An Autonomous Vehicle Future

Richard Smallwood, CEO and President of Sumitomo Rubber North America, will be one of the key speakers at the upcoming Traction Summit Conference, which will be held in San Jose, California, Oct. 16-18.

The following Q&A conducted with Mr. Smallwood looks at the impact autonomous vehicles will have on society. In the interview, Mr. Smallwood sees massive positive changes due to the embrace of autonomous vehicles.


Q: You are bullish on the positive impact autonomous vehicles will have on society. Can you explain in a bit more detail how this will impact the United States and other regions of the world?
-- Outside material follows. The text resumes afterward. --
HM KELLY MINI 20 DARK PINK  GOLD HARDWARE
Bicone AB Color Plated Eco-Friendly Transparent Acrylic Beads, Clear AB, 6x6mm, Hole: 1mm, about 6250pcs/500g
Richard Smallwood (RS): Safety: Nearly 1.3 million people worldwide die each year in vehicle-related accidents. Human error, such as distraction, under the influence, sleepy, reckless driving, and not driving appropriately for the conditions, accounts for approximately 90% of those accidents. If we can eliminate the human (error) we will be able to greatly reduce the number of accidents and deaths. AV (autonomous vehicle) technology won't be perfect, and there will invariably be accidents as a result, but it will quickly develop as humans gradually embrace the AV concept. We do have to be fair, though, and accept the reality that AVs will be held to a much higher standard than humans, and as such, there will be a great deal of negative press when an accident occurs.

Mobility: Millions of people who rely on others today for transportation will gain greater independence with AVs. Today, many people are confined to their homes due to age, infirmity, or economic circumstance and can only travel when they find someone kind enough to drive them. Their options have been expanded with the advent of Uber and Lyft, but they will be greatly enhanced once AVs become more prevalent. They will be able to go to the store, go to the doctor, or just get out of the house without being a burden to family or friends. Likewise, those that are immobile due to economic circumstances will find their opportunities greatly enhanced when they no longer must allocate scarce resources to buying, maintaining, and ensuring a vehicle that they will only use about 5% of the time. With AVs in a shared mobility platform, the cost of transportation drops considerably, and this will make it easier for those people to find work.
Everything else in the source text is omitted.